§ **What you are asked to do**
Copy only what lies from the line containing "Компактни фотоапарати Ricoh Theta m15" through the line containing "Helloween - If I could fly [Lyrics][HD]" in the entries below, keeping both end lines exact and dropping every picture.

§ **Material for this task**
----------------------------------------

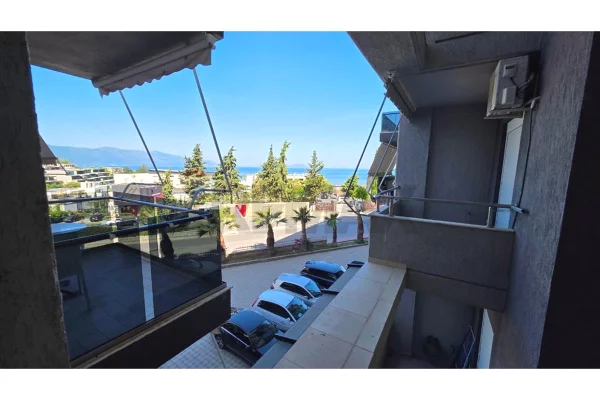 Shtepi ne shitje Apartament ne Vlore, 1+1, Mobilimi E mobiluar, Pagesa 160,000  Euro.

----------------------------------------

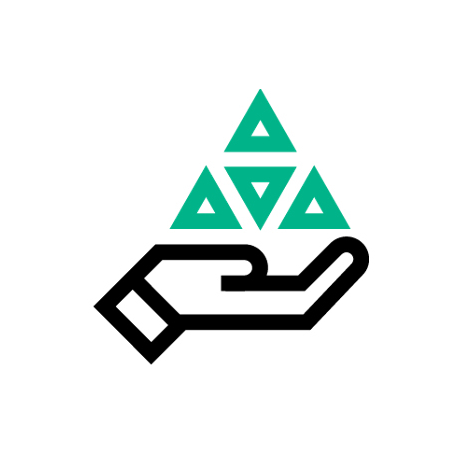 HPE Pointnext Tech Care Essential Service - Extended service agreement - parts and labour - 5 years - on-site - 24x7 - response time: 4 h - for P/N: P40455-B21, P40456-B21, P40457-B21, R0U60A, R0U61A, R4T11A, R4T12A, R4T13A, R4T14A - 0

----------------------------------------

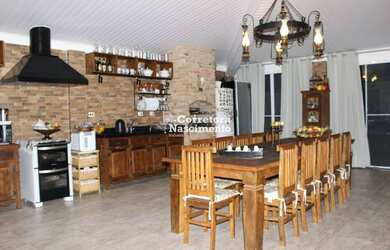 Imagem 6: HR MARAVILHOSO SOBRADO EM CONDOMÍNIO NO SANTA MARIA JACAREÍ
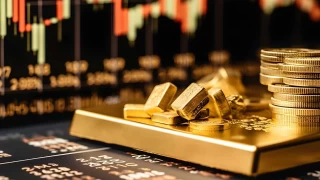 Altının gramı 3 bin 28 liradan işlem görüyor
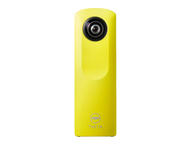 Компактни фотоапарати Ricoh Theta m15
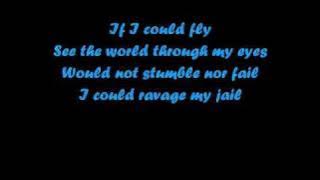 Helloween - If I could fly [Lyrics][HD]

----------------------------------------

§ **Solution to the problem**
 Компактни фотоапарати Ricoh Theta m15
 Helloween - If I could fly [Lyrics][HD]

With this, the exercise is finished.